Unfortunately I can’t read the article on Bloomberg, as it requires an account.
All these companies that are suddenly having layoffs and/or enshittifying everything at once all shared the same basic business model (pardon the Bronze Age meme format from Slashdot…):
- Give goods or services away for free
- Attract customers on the basis of getting goods or services for free
- ???
- Profit!
Years of basically free debt service and stupid VC money let them kick the can down the road for a long time in terms of figuring out what Step 3 was gonna be, up to the point that many such services didn’t even bother, replacing both Steps 3 and 4 with “Sell to whichever FAANG is sucker enough to think they can leverage our userbase for their own product.” High interest rates have suddenly put a stop to the money party, though, and now they’re all scrambling to find ways of aggressively monetizing their services.
I’m guessing it was the goal but it didn’t work as well as they’d hoped. I’ve got a couple of the freebies but I’ve stuck mostly with Valve because most of my games are already on Steam and they haven’t seriously fucked up yet.
They made enticing incentives for developers and publishers, but what incentive would I have as a customer to buy a game from EGS rather than Steam or GOG or even Humble?
I’m guessing here because I don’t sit on Epic’s board of directors, but I would imagine their angle for consumers was mostly to grab new markets with the appeal of free games, which would also establish a library that would be a pain point if they ever wanted to move away, coupled with some of those one-year exclusives that would peel people away from Valve if they wanted to play them day-of.
I imagine this is a mix of things.

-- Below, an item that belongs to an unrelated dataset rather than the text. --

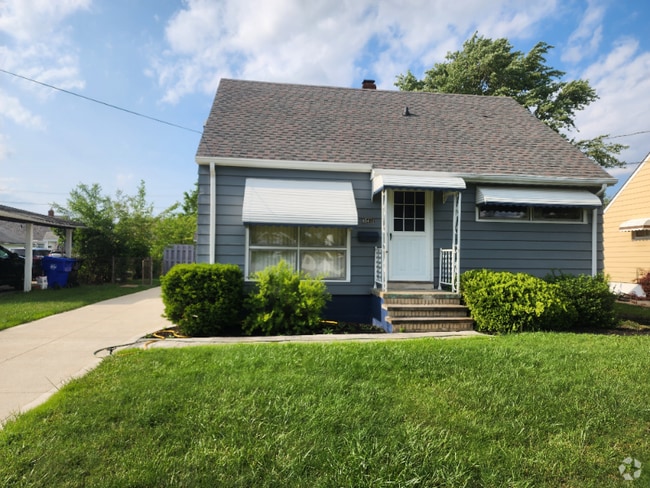 Building Photo - 15472 Muskingum Blvd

UE5 has officially been out for a while, their biggest competitor just offed themselves, Fortnite’s UE editor support is out and thus Fortnite probably doesn’t need as many devs now with UGC to pick up the slack, etc.
That’s still a huge chunk of people though. Wonder if all these financial gambles they’ve taken are starting to add up.
Epic bought a lot of companies over the last few years and they also rapidly grew. https://en.wikipedia.org/wiki/Epic_Games#Subsidiaries_and_divisions They rapidly grew and bought up all these companies in the last 5 years and are now slimming down these ventures and focusing on what they want to do with them.
I don’t know what it costs Epic to grab all these “exclusives”, and I know lots of people (myself included) who just wait and get whatever it is on Steam anyway. It can’t cost nothing, and it doesn’t seem to be terribly good business.
Likewise, devs must make something when Epic offers a game for free (I think?).
It does seem to me like a deep-pockets game, and I’m not sure how deep Epic’s are anymore.